Toshiba, the Japanese technology conglomerate, has spent the better part of a decade and billions of dollars situating itself as one of the most prominent players in the global nuclear power industry by buying up rivals. Although Toshiba’s growth has been impressive, it has resulted in a financial disaster that appears to be growing worse.

In December 2016, Toshiba warned that it would need to write off “several billion U.S. dollars” because of its purchase of American construction firm CB&I Stone & Webster, a firm that specializes in projects involving nuclear power. This potential write-off triggered alarm in the financial industry given that Toshiba’s nuclear subsidiary in the United States, Westinghouse, bought the business for $229 million. Westinghouse’s 2015 purchase of CB&I Stone & Webster was geared towards winning more business in the spheres of decontamination, decommissioning, and plant projects. Following the warning announcement, Toshiba’s share price dropped 12%.

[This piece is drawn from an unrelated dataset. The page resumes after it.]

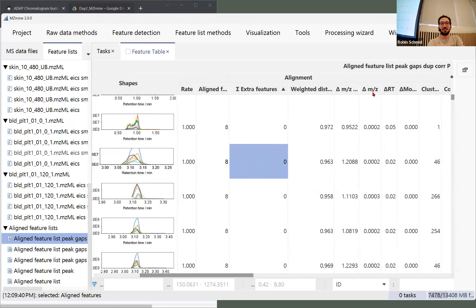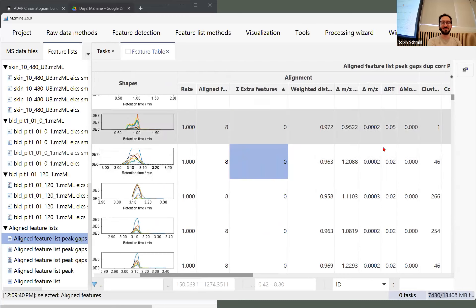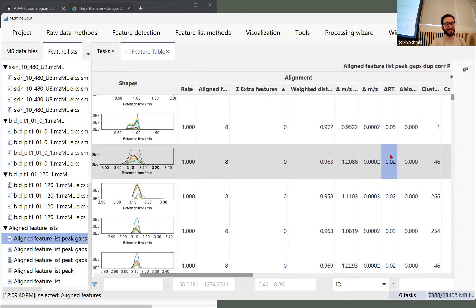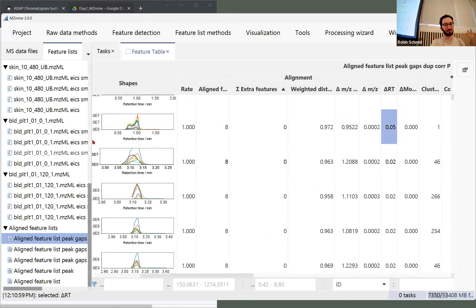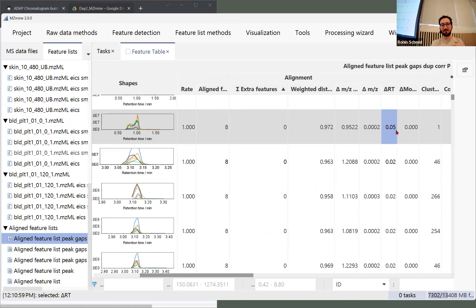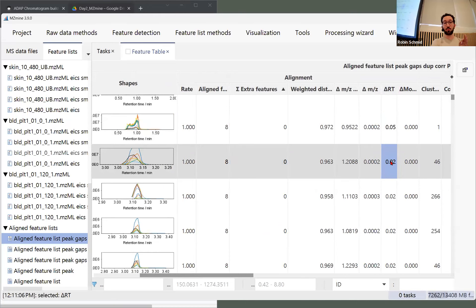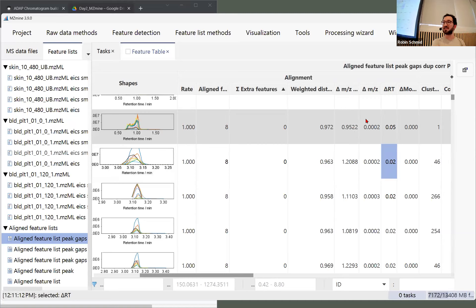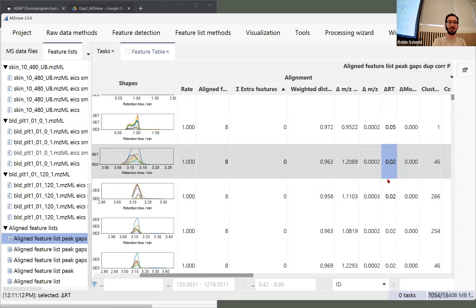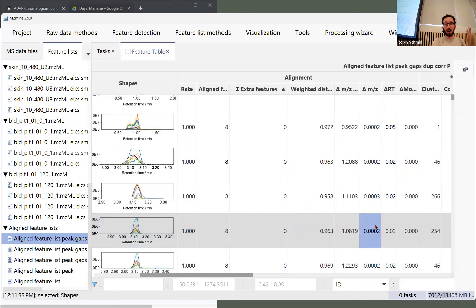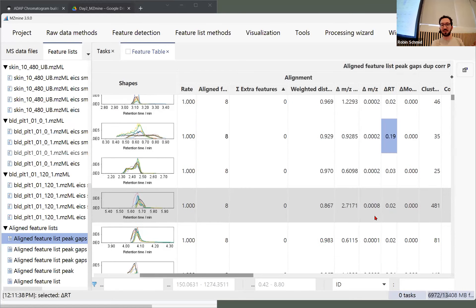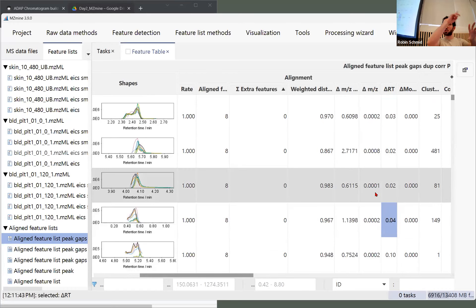Only one feature per sample can be aligned to a row, so if we have two in a sample, one becomes an extra feature. It's nice to find features with full alignment rate, zero extra features, no isomer or shoulder that could mess up alignment. Looking at the maximum delta m/z and maximum delta retention time — some features have weird shapes with delta around 0.05, while good-shaped features show about 0.02. If you want more significant figures, go to preferences and adjust the formatters, then reopen the feature list.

On February 14, Toshiba announced that it planned to write off more than $6 billion and withdraw from the business of building nuclear power plants as the impact of its disastrous bet on the American nuclear industry started to rock Japan’s corporate landscape.  Following this announcement, Toshiba’s Chairman, Shigenori Shiga confirmed that he would resign, putting an end to weeks of speculation about the chairman’s future.

Toshiba has announced that it is set to report a net loss of 390bn yen, or $3.4 billion, heading into March 2017. This volatile situation has caused analysts to predict that the company’s future may be at risk. In a last-ditch attempt to preserve the value of the company, Toshiba has already announced their plans to sell off a portion of its successful memory chip department in order to raise funds.

Prior to the current scandal, Toshiba had been struggling to recover after news broke in 2015 that the company had overstated profits for seven years, a revelation that prompted the former chief executive to resign.

The company said that it will reorganize its nuclear business under Toshiba’s President, Satoshi Tsunakawa, in order to ensure stricter monitoring. Tsukanawa has said that the company is currently looking for potential partners to acquire a stake in Westinghouse.  He bowed to the crowd at the news conference to apologize for “troubling investors and stakeholders.”